This past September, as Hurricane Florence bore down on the Atlantic coastline, researchers and forecasters were more prepared than ever before to deal with the daunting effects of the upcoming storm. While these destructive forces of nature will never be truly neutralized, cutting-edge observation systems have made predicting their effects, and making people safer, easier than ever. That’s not to say it’s a simple task.
While today’s satellites can predict typical weather conditions fairly accurately, patterns of hurricanes making their way over the ocean are a bit more complicated. Predicting a hurricane’s path is tricky, which is why scientists work hard to gather as much data as possible from each major storm to better predict the next one.
Over the past few decades, however, weather forecasters have been able to rely on the combination of satellite technology, advanced radar systems, and well-designed hurricane aircraft to bring about a clearer picture of hurricane and tropical storm behavior than ever thought possible.
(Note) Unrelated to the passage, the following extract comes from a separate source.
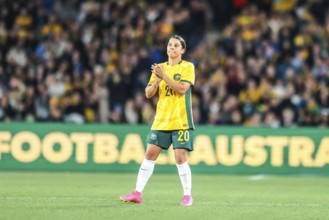 MELBOURNE, AUSTRALIA, JULY 14 : Sam Kerr of Australia thanks the crowd after being substituted as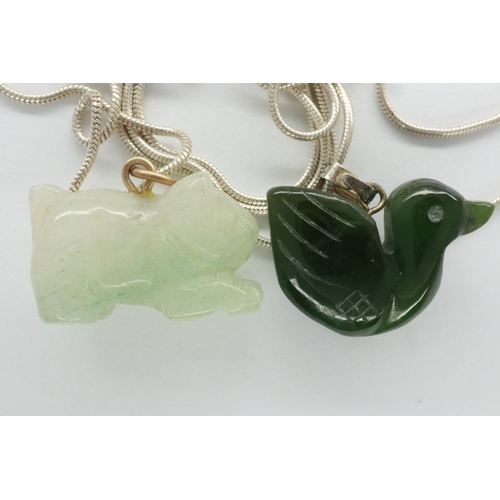 51 - Two 925 silver and jade pendant necklaces, largest chain L: 48 cm. UK P&P Group 1 (£16+VAT for the f...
Today’s technologies allow researchers and forecasters to track a hurricane’s path and predict its size and force with a remarkably high degree of accuracy.
Up Close and Personal Data Collection
Accurately predicting the path and potential damage of a storm requires some truly up close and personal data collection that’d be far too dangerous for a human to conduct in person. To get the most valuable information available, researchers have a secret weapon about the size of a paper towel roll: the dropsonde. Dropsondes are designed by Vaisala, a company based out of Louisville, Colorado. These appropriately named devices are dropped out of high-altitude planes, directly into the hurricane to gather and send data about the storm to pilots and research labs.
Originally developed by the National Center for Atmospheric Research in Boulder, these tools, formally the Airborne Vertical Atmospheric Profiling System (AVAPS™) debuted in 1997 for operational weather forecasting and atmospheric research efforts.
Dubbed by the National Science Foundation ‘workhorses in hurricane forecasting’ dropsondes can withstand extreme hurricane conditions to provide accurate, useful data. Each dropsonde is relatively lightweight and loaded with sensors. They’re small and efficiently designed, capable of capturing data twice per second in the harshest conditions imaginable.
Released from airplanes straight into the storm, dropsondes fall to the ground quickly, making every second of data collection extremely precious. Developers attach a small parachute to each unit — slowing down the drop rate so the devices can accurately measure temperature, humidity, wind speeds, and other important data points. Back at the research center, scientists can extrapolate all the data to formulate detailed projections, adding to a body of knowledge that will one day predict hurricanes the way we can today forecast a sunny afternoon.
Tracking the Hurricane in Real Time
During Hurricane Florence, research scientists at NOAA’s National Severe Storms Laboratory were even able to launch high-tech weather balloons into the middle of the hurricane to capture data. Sensors inside the balloon helped scientists monitor Hurricane Florence as it made its way to the shore and transitioned from a hurricane to a tropical depression. This type of technology helps data scientists analyze various conditions before, during, and after the hurricane, track the hurricane’s path, and make accurate estimates and assumptions when building models.
The National Hurricane Center has a formal process in place for forecasting all types of tropical cyclone activity in the Atlantic and Pacific around North America and are responsible for communicating their forecasts every six hours. They use everything from satellites, aircraft, ships, buoys, radar devices, and land-based tools to track hurricanes and predict their paths as accurately as possible. Once a hurricane looks like it will make landfall and is identified as a real threat, it’s closely monitored by the U.S. Air Force and NOAA hurricane craft.
While the storms themselves can’t be stopped, high-tech data collection and analysis can greatly reduce the risk presented by each new storm, and influence building and city planning practices to further protect residents from these incredibly powerful weather systems. This high-tech development, perfected over time, will one day make hurricanes like Florence a much less daunting event. That’s an evolution worth applauding.